18 septembre 2008 : voici que l'on reparle avec insistance de la crise économique de 1929 en appréhendant ses tragiques conséquences : le nazisme et la Seconde Guerre mondiale. La comparaison a ses limites d'après Michel Psellos...
La crise actuelle a débuté en août 2007 avec la faillite de plusieurs établissements de crédit qui avaient imprudemment accordé des prêts pourris (« subprimes ») à des ménages pauvres, désireux de s'offrir la maison de leurs rêves. Ces établissements avaient gagé leurs prêts sur la valeur hypothécaire des maisons (note), mais l'effondrement du marché de l'immobilier a réduit à néant ces gages.
Le 15 septembre 2008, la faillite du puissant courtier new-yorkais Lehman Brothers a fait l'effet d'un tremblement de terre. Trois jours plus tard, à Washington, Henry Paulson, Secrétaire d'État au Trésor, a annoncé un plan de 700 milliards de dollars (1500 euros par habitant !) pour éviter l'effondrement de la bourse et une crise économique mondiale... Cette intervention de l'État, avec à la clé la prise en gage de la première entreprise d'assurance du pays, AIG, a offert au système financier un sursis que personne n'attendait plus.

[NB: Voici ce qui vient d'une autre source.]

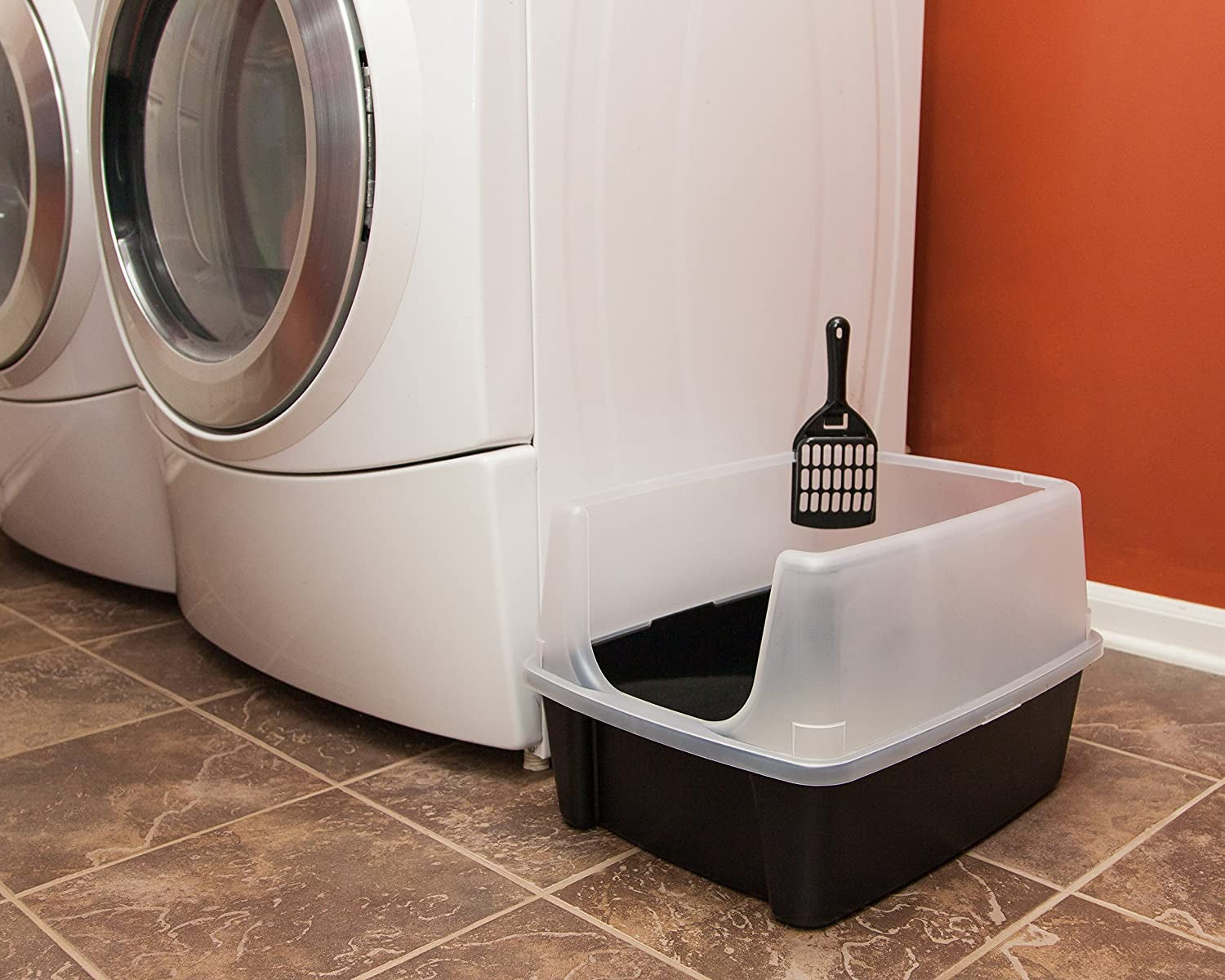 USA Large Open Top Cat Litter Box with High Sides, Scatter Shield & Scoop, Black - Easy Clean Plastic Litter Pan for Indoor Cats, Kittens or Multicat Homes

Le krach de septembre 2008 puise ses origines dans un phénomène politique : les attentats du 11 septembre 2001, tant il est vrai que l'économie est subordonnée en toutes choses à la politique ; elle reflète in fine la santé et les angoisses de la société. Dans l'émotion qui a suivi l'attaque terroriste du WTC et du Pentagone, l'opinion publique s'est prise à douter de l'avenir et les cours de Wall Street se sont effondrés.
Pour restaurer la confiance et éviter un effondrement de l'économie, le gouvernement de George Bush Jr et le président de la Banque centrale américaine (la Fed ou Réserve fédérale) Alan Greenspan ont décidé d'un commun accord d'encourager à tout va le crédit en maintenant au plus bas le taux de réescompte de la Fed et en injectant des liquidités dans l'économie. La formule a si bien marché que le crédit s'est emballé jusqu'aux dérives des « subprimes ».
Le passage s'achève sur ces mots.